SLC12A9 Il plasmide di attivazione CRISPR (h) fornisce un approccio mirato e non distruttivo per sovraregolare l'espressione endogena di SLC12A9 senza alterare la sequenza di DNA sottostante.
SLC12A9 Il plasmide di attivazione CRISPR (h) è un sistema SAM (mediatore di attivazione sinergico) a tre plasmidi progettato per la sovraregolazione trascrizionale altamente efficiente e sito-specifica del locus SLC12A9 nelle linee cellulari umane. Il sistema è costruito attorno a una Cas9 cataliticamente inattiva (dCas9) che porta due mutazioni inattivanti (D10A e N863A) che eliminano l'attività nucleasica preservando al contempo il legame con il DNA. Questa dCas9 è fusa con VP64, un potente attivatore trascrizionale, ed è coespressa con un gene di resistenza alla blasticidina per la selezione. Il secondo plasmide codifica la proteina di fusione MS2-p65-HSF1, un complesso attivatore secondario che agisce in sinergia con dCas9-VP64, insieme a un gene di resistenza all'igromicina. Il terzo plasmide codifica un sgRNA specifico per il bersaglio di 20 nt fuso a due aptameri di RNA MS2 che reclutano il complesso MS2-p65-HSF1 nel sito di attivazione, accompagnato da un gene di resistenza alla puromicina. I tre plasmidi vengono somministrati in un rapporto di massa 1:1:1 per un'espressione bilanciata di tutti i componenti del sistema.

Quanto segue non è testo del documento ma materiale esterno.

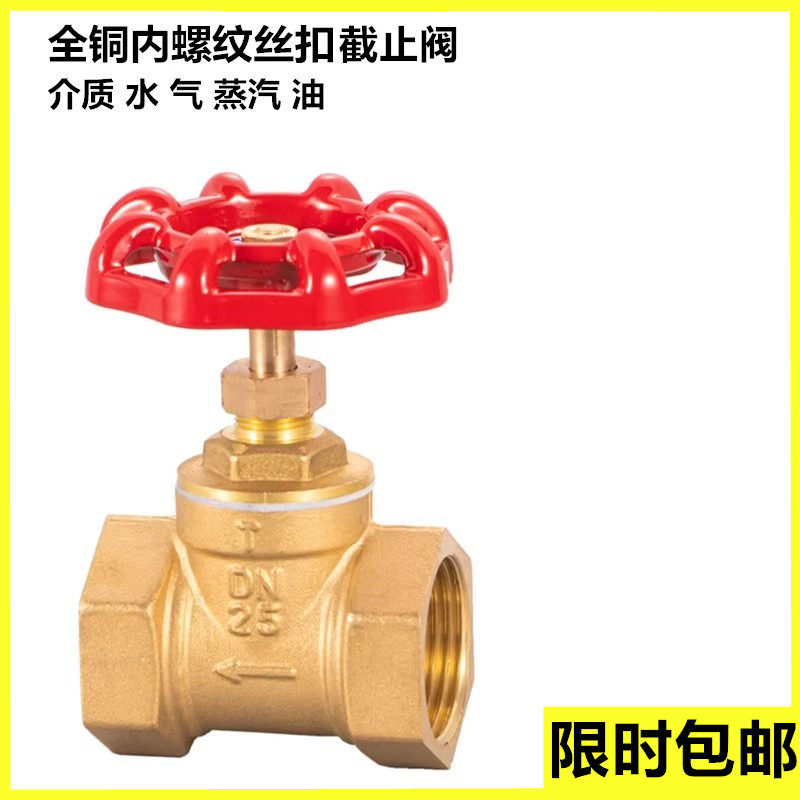 全铜截止阀dn15水管4分6分1寸耐高温20空调25蒸气铜水表开关加厚图片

Una volta assemblato nel locus bersaglio, il complesso SAM si lega a circa 200 bp a monte del sito di inizio della trascrizione SLC12A9, dove VP64, p65 e HSF1 agiscono in modo concertato per reclutare il machinery trascrizionale e guidare la sovraregolazione dell'espressione endogena di SLC12A9. A differenza della Cas9 con attività nucleasica, dCas9 non introduce rotture a doppio filamento né modifica la sequenza genomica, preservando il locus SLC12A9 nativo e consentendo lo studio delle risposte trascrizionali dipendenti da SLC12A9 nel locus endogeno, rendendolo uno strumento prezioso per studi funzionali, l'identificazione di geni bersaglio e la modellizzazione del ripristino della via SLC12A9 nelle cellule tumorali con espressione di SLC12A9 silenziata o ridotta.
Solo per uso di ricerca. Non destinato a uso diagnostico o terapeutico.